> Exercise aim
Output exactly the lines of the listing below that run from the line with "Arising Phoenix: Flower" through the line with "C7 - 7 Thunder". No pictures.

> Material provided
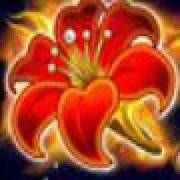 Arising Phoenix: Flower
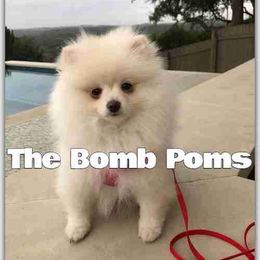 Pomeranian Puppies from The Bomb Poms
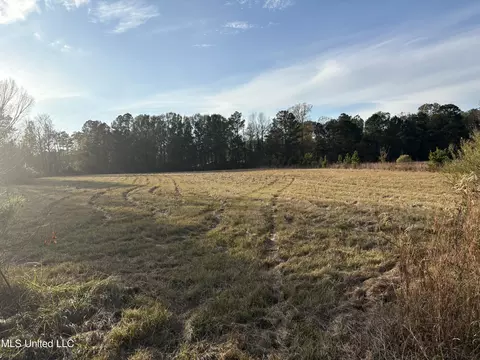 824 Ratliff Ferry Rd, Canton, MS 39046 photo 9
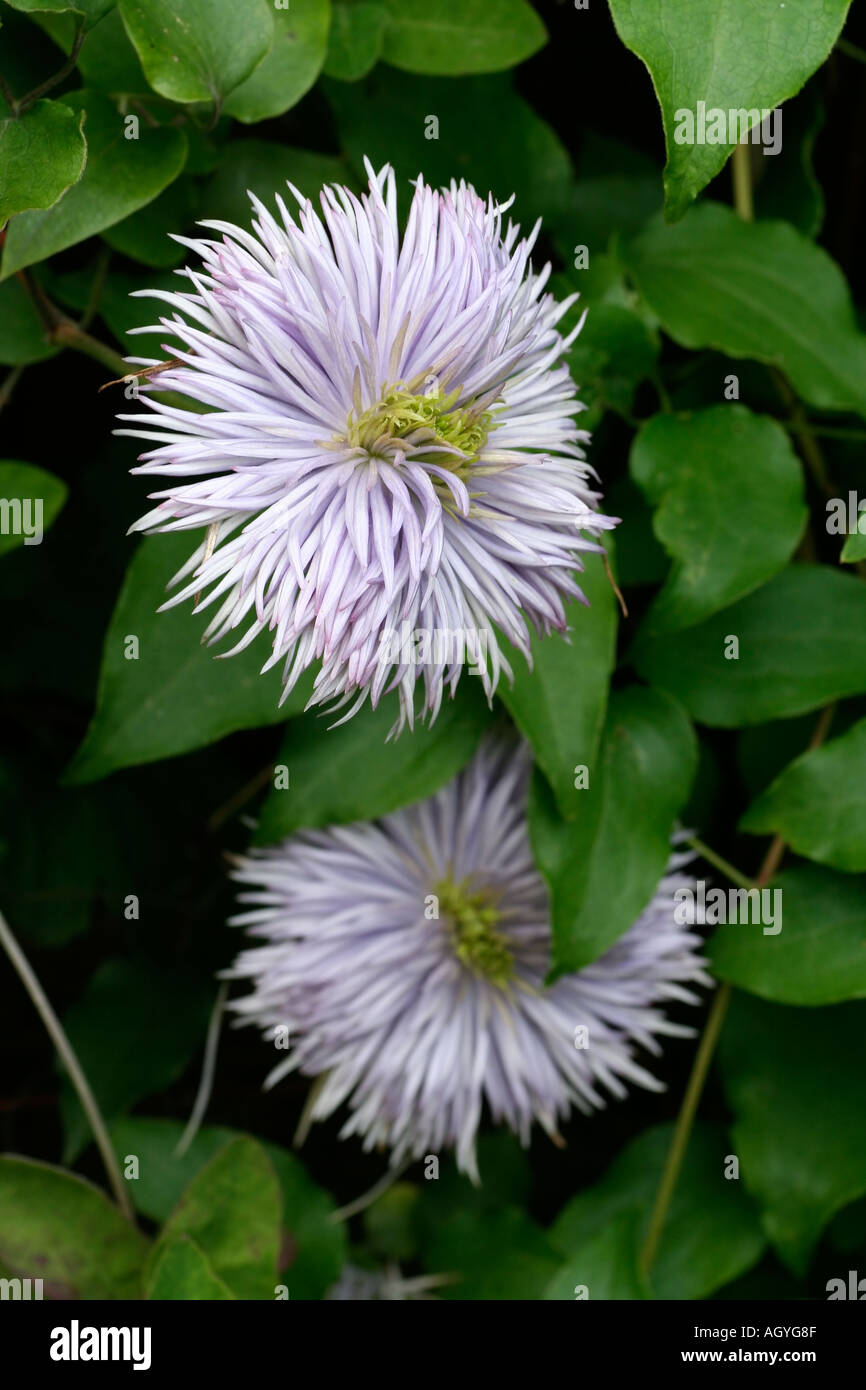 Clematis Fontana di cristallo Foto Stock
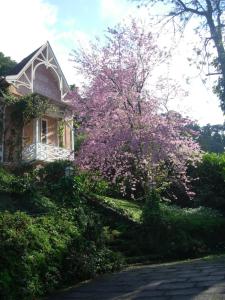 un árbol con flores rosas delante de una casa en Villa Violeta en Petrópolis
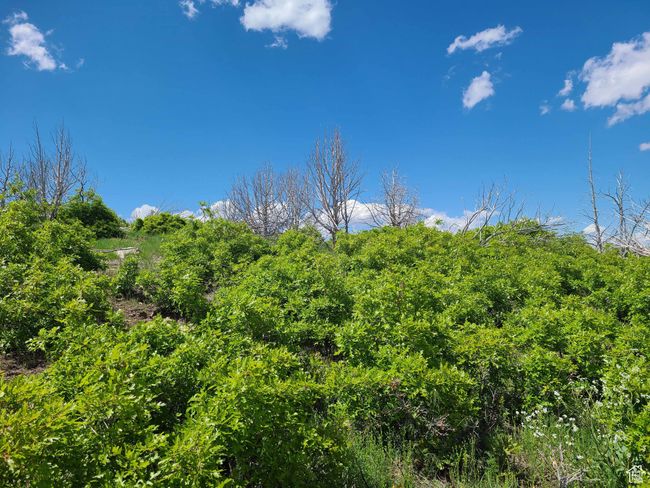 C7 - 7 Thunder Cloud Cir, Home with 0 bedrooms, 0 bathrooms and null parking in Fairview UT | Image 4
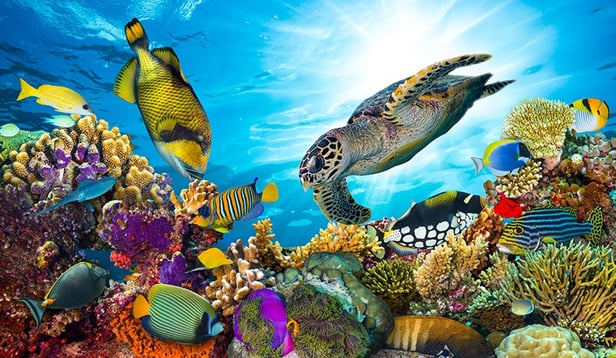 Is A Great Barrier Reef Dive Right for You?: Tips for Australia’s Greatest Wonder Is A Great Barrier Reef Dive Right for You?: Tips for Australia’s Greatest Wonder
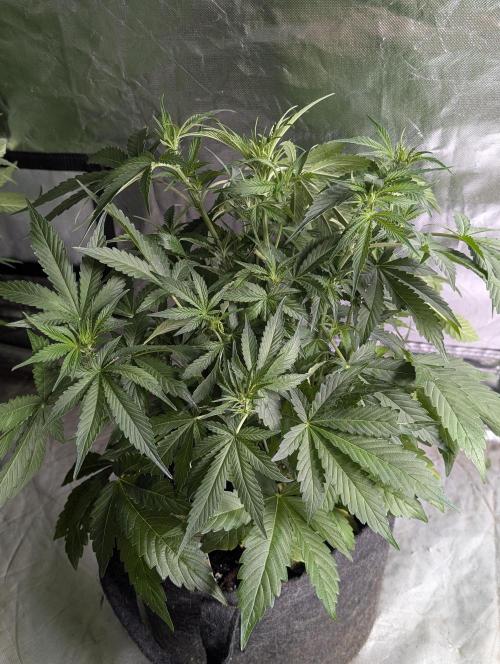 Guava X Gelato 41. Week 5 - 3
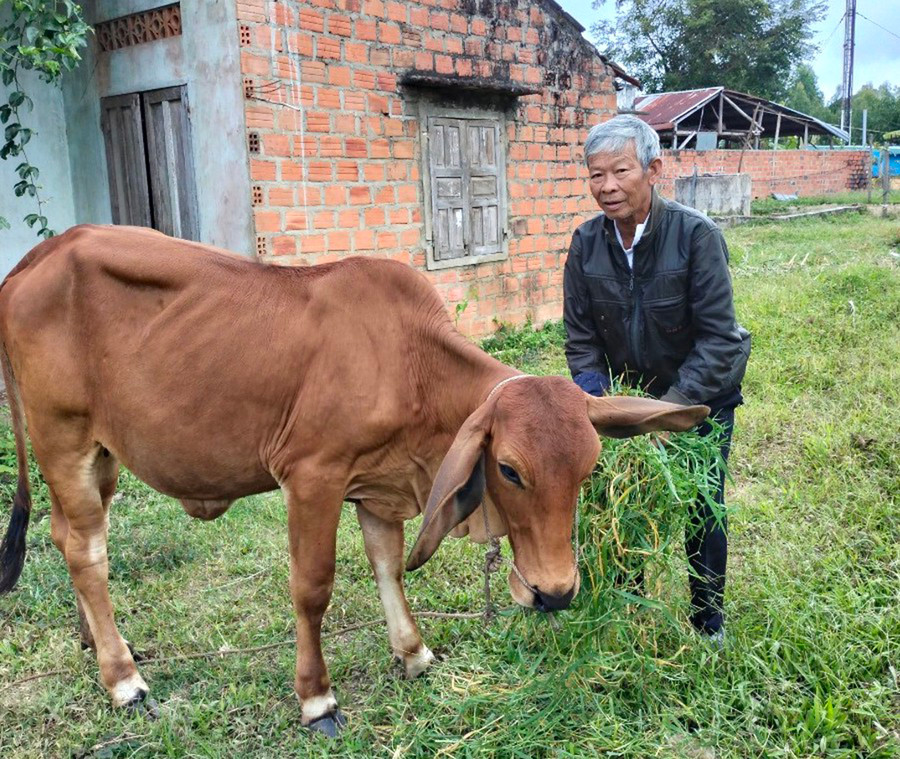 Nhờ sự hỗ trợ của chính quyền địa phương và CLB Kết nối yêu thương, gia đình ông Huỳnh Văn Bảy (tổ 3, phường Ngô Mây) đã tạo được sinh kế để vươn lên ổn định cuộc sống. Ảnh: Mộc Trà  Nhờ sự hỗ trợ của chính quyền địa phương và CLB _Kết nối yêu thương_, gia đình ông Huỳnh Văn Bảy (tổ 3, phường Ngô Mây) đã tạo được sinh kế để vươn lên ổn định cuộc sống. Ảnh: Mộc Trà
--
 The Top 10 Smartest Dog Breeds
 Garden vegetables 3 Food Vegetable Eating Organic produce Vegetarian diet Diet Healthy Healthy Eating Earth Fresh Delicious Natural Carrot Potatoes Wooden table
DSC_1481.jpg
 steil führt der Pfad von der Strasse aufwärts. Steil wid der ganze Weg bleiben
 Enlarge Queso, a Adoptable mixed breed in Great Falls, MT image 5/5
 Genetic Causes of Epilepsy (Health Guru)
---
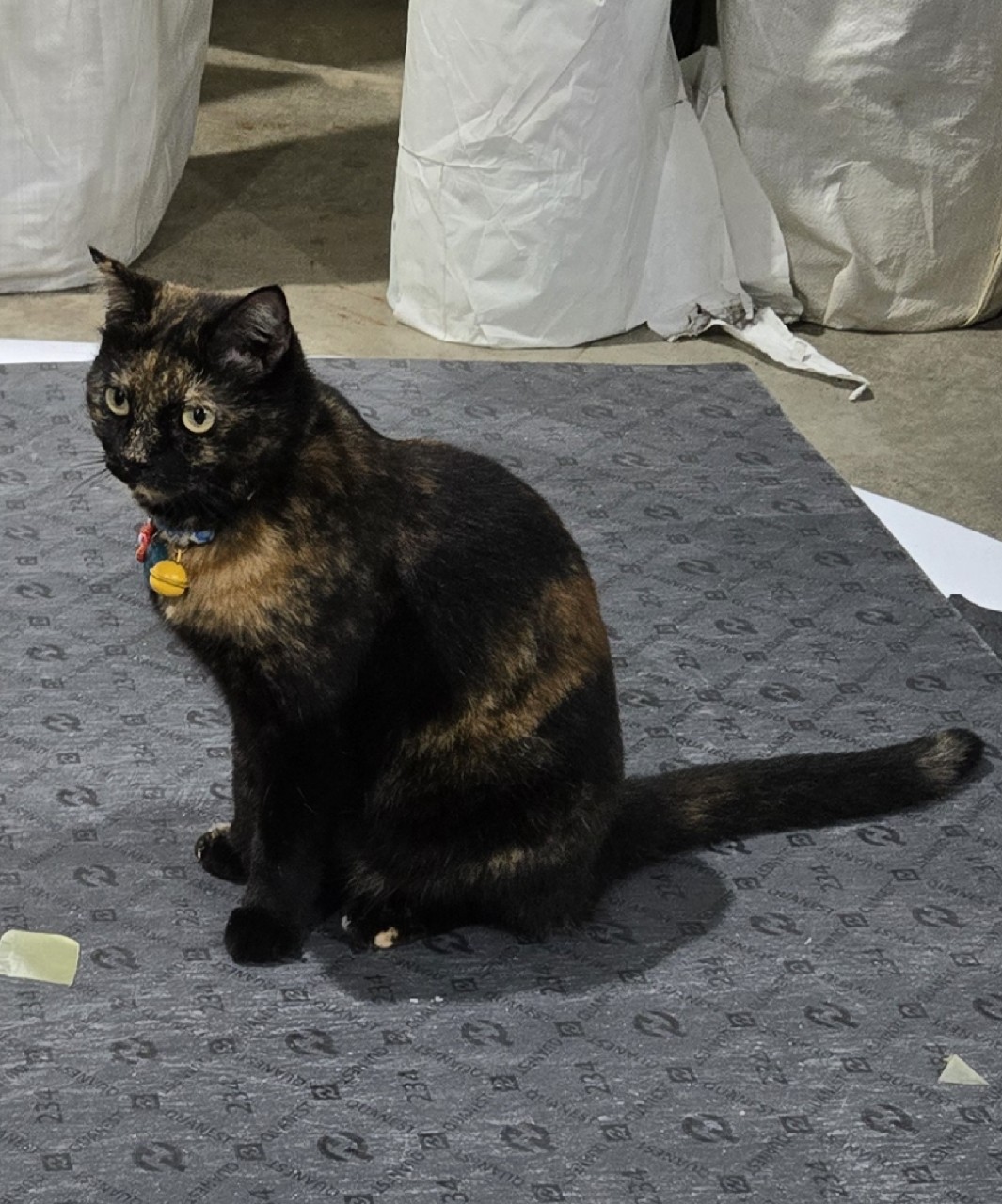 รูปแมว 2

> Your solution
 Arising Phoenix: Flower
 Pomeranian Puppies from The Bomb Poms
 824 Ratliff Ferry Rd, Canton, MS 39046 photo 9
 Clematis Fontana di cristallo Foto Stock
 un árbol con flores rosas delante de una casa en Villa Violeta en Petrópolis
 C7 - 7 Thunder Cloud Cir, Home with 0 bedrooms, 0 bathrooms and null parking in Fairview UT | Image 4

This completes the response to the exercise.